## Directions
Below are some records. Print exactly the lines between the one holding "Tosuto einmachgläser 500ml" and the one holding "Кожух ГРМ Kia Sportage 2005 2136027000 D4EA", inclusive, and nothing else.

## Records for the task
▬▬▬

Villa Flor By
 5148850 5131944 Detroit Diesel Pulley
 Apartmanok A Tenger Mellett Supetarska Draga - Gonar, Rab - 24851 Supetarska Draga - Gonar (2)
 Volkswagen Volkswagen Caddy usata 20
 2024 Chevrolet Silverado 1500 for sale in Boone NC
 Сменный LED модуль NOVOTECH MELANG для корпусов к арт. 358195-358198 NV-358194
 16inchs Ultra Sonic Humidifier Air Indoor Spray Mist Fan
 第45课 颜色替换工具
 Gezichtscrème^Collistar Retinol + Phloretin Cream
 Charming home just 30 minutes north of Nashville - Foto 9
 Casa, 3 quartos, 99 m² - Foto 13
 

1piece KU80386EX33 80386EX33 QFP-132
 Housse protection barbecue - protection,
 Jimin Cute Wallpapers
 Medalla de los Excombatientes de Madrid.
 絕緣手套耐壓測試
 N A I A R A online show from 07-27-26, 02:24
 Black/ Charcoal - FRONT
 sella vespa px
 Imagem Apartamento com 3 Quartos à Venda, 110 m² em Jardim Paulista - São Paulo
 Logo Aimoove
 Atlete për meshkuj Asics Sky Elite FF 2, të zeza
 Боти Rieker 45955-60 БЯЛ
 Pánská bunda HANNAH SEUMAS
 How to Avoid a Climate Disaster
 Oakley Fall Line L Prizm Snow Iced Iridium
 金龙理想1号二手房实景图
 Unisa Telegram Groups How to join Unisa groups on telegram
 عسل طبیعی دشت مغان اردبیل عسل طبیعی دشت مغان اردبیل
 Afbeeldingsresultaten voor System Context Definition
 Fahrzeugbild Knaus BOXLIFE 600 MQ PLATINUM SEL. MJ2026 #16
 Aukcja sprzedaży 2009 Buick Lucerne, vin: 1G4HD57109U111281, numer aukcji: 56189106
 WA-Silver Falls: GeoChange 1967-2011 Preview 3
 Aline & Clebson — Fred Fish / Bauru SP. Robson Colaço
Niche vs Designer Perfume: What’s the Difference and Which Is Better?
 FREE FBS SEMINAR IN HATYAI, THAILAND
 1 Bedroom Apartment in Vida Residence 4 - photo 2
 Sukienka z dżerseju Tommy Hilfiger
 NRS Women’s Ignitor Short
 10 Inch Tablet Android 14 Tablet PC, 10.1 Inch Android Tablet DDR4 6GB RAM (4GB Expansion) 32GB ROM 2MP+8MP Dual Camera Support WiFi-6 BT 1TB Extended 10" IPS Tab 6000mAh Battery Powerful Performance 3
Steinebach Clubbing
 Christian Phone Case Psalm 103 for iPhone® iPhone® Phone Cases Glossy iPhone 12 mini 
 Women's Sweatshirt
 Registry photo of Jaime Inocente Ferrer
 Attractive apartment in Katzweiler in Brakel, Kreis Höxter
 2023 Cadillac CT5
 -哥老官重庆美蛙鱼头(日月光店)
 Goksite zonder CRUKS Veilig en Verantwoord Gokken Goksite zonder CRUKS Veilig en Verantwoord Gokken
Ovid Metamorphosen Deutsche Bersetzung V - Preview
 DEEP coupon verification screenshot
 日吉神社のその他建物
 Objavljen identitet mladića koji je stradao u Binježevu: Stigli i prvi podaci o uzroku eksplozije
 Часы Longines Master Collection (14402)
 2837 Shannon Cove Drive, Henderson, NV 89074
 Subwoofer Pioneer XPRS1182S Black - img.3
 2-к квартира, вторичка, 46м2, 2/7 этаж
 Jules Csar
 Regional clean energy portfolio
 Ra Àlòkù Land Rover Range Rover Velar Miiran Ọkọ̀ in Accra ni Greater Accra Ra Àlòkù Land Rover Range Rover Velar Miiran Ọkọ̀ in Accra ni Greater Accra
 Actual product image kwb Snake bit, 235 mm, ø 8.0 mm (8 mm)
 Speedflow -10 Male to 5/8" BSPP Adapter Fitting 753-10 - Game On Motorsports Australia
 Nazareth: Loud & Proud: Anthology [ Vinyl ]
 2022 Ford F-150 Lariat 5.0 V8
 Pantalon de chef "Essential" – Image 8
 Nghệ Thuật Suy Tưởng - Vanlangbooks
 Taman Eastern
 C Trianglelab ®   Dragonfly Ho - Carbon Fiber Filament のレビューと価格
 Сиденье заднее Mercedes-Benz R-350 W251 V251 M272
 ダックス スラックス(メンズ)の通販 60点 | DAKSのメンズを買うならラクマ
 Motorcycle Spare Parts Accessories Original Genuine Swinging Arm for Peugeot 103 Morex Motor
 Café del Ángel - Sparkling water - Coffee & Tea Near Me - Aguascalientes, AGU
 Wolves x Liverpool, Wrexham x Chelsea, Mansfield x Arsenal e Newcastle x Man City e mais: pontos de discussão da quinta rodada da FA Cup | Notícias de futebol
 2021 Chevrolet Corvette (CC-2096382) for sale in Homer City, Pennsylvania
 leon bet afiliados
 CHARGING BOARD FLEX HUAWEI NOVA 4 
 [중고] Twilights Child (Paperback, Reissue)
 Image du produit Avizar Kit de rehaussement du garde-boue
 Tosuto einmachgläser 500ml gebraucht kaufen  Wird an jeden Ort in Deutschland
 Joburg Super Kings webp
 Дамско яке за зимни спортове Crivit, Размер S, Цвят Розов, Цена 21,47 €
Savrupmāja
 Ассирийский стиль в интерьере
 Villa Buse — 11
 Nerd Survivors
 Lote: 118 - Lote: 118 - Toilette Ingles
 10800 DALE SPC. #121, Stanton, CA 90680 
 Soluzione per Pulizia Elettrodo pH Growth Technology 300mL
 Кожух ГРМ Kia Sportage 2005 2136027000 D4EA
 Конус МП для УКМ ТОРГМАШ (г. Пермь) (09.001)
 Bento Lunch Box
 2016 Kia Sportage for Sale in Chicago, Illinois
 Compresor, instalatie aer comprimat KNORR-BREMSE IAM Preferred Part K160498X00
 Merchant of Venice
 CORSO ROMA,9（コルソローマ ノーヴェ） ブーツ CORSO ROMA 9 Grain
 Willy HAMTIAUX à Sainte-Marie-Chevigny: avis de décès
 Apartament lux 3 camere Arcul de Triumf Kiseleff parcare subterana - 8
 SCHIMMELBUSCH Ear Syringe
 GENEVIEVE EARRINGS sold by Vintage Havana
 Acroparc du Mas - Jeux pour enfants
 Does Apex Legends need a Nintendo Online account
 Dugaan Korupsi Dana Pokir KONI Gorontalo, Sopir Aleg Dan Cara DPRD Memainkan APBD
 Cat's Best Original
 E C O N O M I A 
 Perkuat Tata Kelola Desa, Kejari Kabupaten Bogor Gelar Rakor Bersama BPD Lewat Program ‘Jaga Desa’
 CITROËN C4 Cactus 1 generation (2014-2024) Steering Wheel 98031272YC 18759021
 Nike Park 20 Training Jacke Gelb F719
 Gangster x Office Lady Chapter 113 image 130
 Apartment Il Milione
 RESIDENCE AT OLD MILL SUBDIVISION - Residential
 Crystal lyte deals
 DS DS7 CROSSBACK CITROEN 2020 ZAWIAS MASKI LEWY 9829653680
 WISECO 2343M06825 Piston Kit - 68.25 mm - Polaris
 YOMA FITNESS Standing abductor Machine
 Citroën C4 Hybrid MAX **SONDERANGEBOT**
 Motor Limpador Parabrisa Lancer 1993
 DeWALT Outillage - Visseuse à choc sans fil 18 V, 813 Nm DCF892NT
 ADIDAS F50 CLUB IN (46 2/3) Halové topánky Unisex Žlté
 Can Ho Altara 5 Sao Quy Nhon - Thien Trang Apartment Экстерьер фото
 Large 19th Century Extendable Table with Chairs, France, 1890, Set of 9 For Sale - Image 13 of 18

▬▬▬

## Reply
 Tosuto einmachgläser 500ml gebraucht kaufen  Wird an jeden Ort in Deutschland
 Joburg Super Kings webp
 Дамско яке за зимни спортове Crivit, Размер S, Цвят Розов, Цена 21,47 €
Savrupmāja
 Ассирийский стиль в интерьере
 Villa Buse — 11
 Nerd Survivors
 Lote: 118 - Lote: 118 - Toilette Ingles
 10800 DALE SPC. #121, Stanton, CA 90680 
 Soluzione per Pulizia Elettrodo pH Growth Technology 300mL
 Кожух ГРМ Kia Sportage 2005 2136027000 D4EA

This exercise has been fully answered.